TASK TO CARRY OUT
Would you return, word for word, the lines of the data below from the line with "OLIVETTI JP 450" through the line with "one Mango Clipart", and no others?

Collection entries
[Start of Attachment]

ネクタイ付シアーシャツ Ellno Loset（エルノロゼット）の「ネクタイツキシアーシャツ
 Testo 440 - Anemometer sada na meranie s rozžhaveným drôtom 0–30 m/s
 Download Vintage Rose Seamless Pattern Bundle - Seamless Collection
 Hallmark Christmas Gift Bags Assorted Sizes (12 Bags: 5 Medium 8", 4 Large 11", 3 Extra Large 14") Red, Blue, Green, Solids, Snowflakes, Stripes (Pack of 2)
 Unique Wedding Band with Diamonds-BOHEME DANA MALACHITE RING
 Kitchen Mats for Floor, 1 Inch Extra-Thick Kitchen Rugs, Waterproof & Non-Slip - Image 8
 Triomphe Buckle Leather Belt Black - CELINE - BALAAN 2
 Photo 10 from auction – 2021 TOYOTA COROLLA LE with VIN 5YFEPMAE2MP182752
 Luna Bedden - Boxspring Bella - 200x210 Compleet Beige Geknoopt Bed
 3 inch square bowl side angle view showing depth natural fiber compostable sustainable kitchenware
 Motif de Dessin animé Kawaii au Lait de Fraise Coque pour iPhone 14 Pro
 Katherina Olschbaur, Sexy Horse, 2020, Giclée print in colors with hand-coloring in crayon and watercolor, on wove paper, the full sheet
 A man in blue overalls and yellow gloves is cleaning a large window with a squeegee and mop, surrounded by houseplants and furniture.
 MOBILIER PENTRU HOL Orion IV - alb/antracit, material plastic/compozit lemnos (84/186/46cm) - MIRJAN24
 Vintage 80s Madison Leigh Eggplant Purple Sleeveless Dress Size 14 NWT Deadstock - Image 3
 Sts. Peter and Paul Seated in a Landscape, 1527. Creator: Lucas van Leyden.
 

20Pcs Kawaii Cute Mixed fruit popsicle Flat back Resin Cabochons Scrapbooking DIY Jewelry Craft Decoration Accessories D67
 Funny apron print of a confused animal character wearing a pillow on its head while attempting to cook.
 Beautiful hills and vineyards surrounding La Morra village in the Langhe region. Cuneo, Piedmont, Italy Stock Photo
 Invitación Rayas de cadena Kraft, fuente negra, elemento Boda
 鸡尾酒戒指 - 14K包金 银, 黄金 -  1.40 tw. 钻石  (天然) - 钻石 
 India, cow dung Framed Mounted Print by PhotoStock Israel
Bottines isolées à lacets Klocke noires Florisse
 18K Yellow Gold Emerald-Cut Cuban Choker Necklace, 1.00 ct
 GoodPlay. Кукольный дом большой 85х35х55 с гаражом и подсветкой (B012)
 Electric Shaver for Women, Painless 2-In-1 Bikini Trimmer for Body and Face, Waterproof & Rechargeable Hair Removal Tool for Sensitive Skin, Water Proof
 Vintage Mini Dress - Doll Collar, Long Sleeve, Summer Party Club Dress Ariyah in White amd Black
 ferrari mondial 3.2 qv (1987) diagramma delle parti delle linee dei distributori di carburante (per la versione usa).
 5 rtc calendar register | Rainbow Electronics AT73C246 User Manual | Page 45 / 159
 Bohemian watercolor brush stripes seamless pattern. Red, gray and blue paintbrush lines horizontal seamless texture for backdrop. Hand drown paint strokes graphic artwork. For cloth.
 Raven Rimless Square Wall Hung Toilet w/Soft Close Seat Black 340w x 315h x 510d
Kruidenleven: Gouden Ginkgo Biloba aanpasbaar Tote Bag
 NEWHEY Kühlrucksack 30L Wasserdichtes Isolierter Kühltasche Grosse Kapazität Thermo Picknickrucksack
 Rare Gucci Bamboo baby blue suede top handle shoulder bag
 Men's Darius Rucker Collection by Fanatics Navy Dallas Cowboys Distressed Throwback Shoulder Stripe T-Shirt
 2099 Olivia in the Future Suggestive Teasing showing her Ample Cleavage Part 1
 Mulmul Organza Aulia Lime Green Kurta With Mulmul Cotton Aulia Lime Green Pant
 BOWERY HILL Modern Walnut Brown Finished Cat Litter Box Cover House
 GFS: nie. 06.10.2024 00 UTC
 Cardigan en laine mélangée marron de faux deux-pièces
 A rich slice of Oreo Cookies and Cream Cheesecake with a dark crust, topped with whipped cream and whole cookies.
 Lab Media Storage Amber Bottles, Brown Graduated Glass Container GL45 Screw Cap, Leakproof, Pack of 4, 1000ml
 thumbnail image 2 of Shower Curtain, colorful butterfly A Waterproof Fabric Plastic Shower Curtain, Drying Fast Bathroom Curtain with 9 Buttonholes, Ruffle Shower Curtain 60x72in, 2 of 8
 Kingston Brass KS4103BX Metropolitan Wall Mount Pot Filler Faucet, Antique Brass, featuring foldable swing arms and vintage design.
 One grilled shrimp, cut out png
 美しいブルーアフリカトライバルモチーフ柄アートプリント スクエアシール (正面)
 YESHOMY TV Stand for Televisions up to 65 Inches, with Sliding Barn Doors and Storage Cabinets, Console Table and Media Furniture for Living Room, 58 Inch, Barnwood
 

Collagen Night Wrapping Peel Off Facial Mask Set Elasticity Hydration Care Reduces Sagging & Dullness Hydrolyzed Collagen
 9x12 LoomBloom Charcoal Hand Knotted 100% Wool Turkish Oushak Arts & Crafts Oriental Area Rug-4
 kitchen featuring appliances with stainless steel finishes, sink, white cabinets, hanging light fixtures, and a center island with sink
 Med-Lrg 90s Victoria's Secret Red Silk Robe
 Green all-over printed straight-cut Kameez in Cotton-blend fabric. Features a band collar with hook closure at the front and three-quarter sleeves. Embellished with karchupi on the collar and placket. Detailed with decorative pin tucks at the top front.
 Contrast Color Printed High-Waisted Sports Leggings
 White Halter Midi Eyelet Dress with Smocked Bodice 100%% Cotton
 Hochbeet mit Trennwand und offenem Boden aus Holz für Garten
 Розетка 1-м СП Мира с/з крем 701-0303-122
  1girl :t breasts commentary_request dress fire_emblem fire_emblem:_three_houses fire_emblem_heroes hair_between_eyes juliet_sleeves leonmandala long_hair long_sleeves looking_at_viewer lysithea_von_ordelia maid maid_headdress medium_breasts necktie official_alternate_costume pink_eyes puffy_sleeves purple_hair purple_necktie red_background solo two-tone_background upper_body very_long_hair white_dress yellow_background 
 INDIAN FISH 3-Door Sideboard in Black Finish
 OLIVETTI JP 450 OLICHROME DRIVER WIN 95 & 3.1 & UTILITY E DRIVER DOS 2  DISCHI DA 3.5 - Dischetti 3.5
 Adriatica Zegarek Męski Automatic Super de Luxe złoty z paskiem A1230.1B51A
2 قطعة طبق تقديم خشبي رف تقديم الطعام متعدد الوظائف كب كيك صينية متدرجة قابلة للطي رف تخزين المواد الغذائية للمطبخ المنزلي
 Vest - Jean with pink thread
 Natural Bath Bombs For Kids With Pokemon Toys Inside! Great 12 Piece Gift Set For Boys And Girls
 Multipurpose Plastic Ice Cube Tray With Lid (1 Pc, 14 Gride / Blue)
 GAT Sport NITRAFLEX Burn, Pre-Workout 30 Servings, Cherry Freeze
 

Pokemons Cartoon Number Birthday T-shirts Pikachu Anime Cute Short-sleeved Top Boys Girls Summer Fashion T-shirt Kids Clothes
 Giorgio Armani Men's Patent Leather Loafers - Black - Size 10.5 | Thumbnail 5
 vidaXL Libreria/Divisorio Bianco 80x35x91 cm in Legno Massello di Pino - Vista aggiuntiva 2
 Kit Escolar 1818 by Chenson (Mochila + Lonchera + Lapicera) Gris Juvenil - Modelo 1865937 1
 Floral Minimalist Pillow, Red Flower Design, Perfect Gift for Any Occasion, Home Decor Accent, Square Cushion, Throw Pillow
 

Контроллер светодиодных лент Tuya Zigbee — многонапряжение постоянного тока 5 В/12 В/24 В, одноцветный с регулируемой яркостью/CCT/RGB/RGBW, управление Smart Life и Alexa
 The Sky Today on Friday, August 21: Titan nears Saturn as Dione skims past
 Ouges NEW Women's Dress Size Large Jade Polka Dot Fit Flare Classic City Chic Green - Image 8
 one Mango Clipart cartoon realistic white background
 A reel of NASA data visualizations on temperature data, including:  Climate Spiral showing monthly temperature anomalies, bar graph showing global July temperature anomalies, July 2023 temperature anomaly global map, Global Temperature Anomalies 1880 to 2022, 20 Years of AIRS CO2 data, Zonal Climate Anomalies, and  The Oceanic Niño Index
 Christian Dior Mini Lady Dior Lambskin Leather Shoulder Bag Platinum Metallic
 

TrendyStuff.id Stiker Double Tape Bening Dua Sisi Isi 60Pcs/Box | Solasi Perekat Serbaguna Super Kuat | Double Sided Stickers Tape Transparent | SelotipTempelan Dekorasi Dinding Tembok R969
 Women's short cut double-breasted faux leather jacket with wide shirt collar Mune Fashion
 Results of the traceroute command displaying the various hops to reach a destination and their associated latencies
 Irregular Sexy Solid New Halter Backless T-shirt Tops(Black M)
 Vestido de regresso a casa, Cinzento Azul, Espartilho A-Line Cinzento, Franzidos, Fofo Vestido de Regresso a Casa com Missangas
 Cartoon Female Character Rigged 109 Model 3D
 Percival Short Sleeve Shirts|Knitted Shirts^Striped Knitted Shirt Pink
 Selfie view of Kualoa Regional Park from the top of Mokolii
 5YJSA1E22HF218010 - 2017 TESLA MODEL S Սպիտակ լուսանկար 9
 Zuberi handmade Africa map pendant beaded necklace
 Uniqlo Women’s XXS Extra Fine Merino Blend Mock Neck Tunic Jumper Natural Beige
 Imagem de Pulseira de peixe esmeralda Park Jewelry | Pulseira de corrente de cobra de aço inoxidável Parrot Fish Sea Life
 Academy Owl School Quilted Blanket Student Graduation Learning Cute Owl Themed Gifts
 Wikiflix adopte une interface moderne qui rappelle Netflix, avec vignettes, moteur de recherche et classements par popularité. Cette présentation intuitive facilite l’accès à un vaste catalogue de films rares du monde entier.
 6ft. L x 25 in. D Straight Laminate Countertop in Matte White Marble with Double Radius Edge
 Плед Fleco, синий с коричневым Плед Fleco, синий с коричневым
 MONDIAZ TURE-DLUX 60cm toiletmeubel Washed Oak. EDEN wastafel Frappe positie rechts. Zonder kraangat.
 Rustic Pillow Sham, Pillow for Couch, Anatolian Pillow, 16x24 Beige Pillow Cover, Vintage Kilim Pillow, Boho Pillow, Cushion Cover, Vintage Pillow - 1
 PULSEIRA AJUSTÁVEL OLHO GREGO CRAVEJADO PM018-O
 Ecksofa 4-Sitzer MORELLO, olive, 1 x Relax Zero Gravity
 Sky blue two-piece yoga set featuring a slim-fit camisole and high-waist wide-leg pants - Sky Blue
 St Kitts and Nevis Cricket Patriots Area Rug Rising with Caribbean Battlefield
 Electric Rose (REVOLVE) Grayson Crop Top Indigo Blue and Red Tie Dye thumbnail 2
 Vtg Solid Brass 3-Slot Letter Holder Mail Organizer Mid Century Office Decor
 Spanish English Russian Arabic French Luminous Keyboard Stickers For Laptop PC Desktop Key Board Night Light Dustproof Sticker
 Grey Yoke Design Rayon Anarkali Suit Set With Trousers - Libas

[End of Attachment]

ANSWER BOX
 OLIVETTI JP 450 OLICHROME DRIVER WIN 95 & 3.1 & UTILITY E DRIVER DOS 2  DISCHI DA 3.5 - Dischetti 3.5
 Adriatica Zegarek Męski Automatic Super de Luxe złoty z paskiem A1230.1B51A
2 قطعة طبق تقديم خشبي رف تقديم الطعام متعدد الوظائف كب كيك صينية متدرجة قابلة للطي رف تخزين المواد الغذائية للمطبخ المنزلي
 Vest - Jean with pink thread
 Natural Bath Bombs For Kids With Pokemon Toys Inside! Great 12 Piece Gift Set For Boys And Girls
 Multipurpose Plastic Ice Cube Tray With Lid (1 Pc, 14 Gride / Blue)
 GAT Sport NITRAFLEX Burn, Pre-Workout 30 Servings, Cherry Freeze
 

Pokemons Cartoon Number Birthday T-shirts Pikachu Anime Cute Short-sleeved Top Boys Girls Summer Fashion T-shirt Kids Clothes
 Giorgio Armani Men's Patent Leather Loafers - Black - Size 10.5 | Thumbnail 5
 vidaXL Libreria/Divisorio Bianco 80x35x91 cm in Legno Massello di Pino - Vista aggiuntiva 2
 Kit Escolar 1818 by Chenson (Mochila + Lonchera + Lapicera) Gris Juvenil - Modelo 1865937 1
 Floral Minimalist Pillow, Red Flower Design, Perfect Gift for Any Occasion, Home Decor Accent, Square Cushion, Throw Pillow
 

Контроллер светодиодных лент Tuya Zigbee — многонапряжение постоянного тока 5 В/12 В/24 В, одноцветный с регулируемой яркостью/CCT/RGB/RGBW, управление Smart Life и Alexa
 The Sky Today on Friday, August 21: Titan nears Saturn as Dione skims past
 Ouges NEW Women's Dress Size Large Jade Polka Dot Fit Flare Classic City Chic Green - Image 8
 one Mango Clipart cartoon realistic white background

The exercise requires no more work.